I remember the last time I (ever) installed windows myself, sitting and waiting all day for the updater to pull down a 35MB sound driver and 90MB video driver before the machine was usable.

That was 17 years ago, sure, but every time I've had to babysit an installer for someone else in the past decade it's been a similarly miserable experience. Windows 8/10 manages to make it even worse because they can't multitask while doing OS updates. Microsoft really doesn't want people to use their OS.

Examining exFAT

Posted Sep 2, 2019 18:57 UTC (Mon) by Cyberax (✭ supporter ✭, #52523) [Link]

Yes, many times and since the early Windows NT 4.0 era.

Windows NT had a purely text-based installer and it needed a floppy disk with drivers if you had a RAID controller, but otherwise it just used BIOS-based IO to install the initial system. And the initial system had support for IDE/SCSI/ATA drivers.

Consumer versions of Windows had a GUI installer, working in 640x480 16 color VGA mode. I don't remember ever needing drivers for the initial installation on consumer hardware. Windows also happily used VESA BIOS drivers for the GUI.

Both consumer and server versions had network drivers (and back then most network cards were NE2000-compatible).
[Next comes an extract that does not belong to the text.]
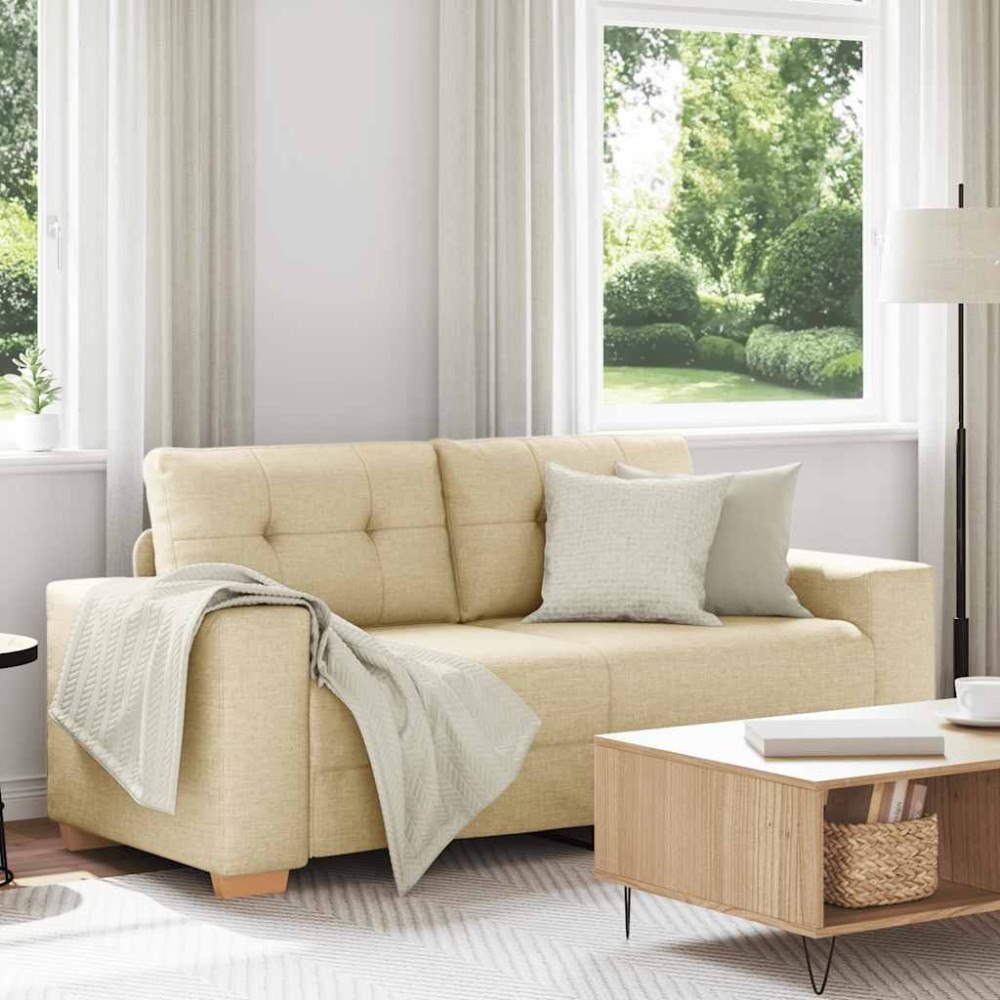vidaXL Tvåsitssoffa krämfärgad 180x77x82 cm tyg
Sound indeed was bad, with only SoundBlaster working out of box on NT.

Examining exFAT

Posted Sep 20, 2019 14:03 UTC (Fri) by epa (subscriber, #39769) [Link]

Ah I understand, you didn't mean provide a Win32 API on top of Linux, you meant provide a Windows NT kernel API and run the existing Windows subsystems on top of that.

Examining exFAT

Posted Mar 28, 2020 4:21 UTC (Sat) by yuhong (guest, #57183) [Link]

A lot of the problems can be solved by using a lot of the Windows source code directly, like MSHTML, .NET Framework, Jet 4.0, MSVCRT, etc...

Examining exFAT

Posted Sep 2, 2019 7:08 UTC (Mon) by cpitrat (subscriber, #116459) [Link]

> Switching to Linux would allow them to stop investing in improvements in these areas.

If they were investing significantly in it, it wouldn't suck that much.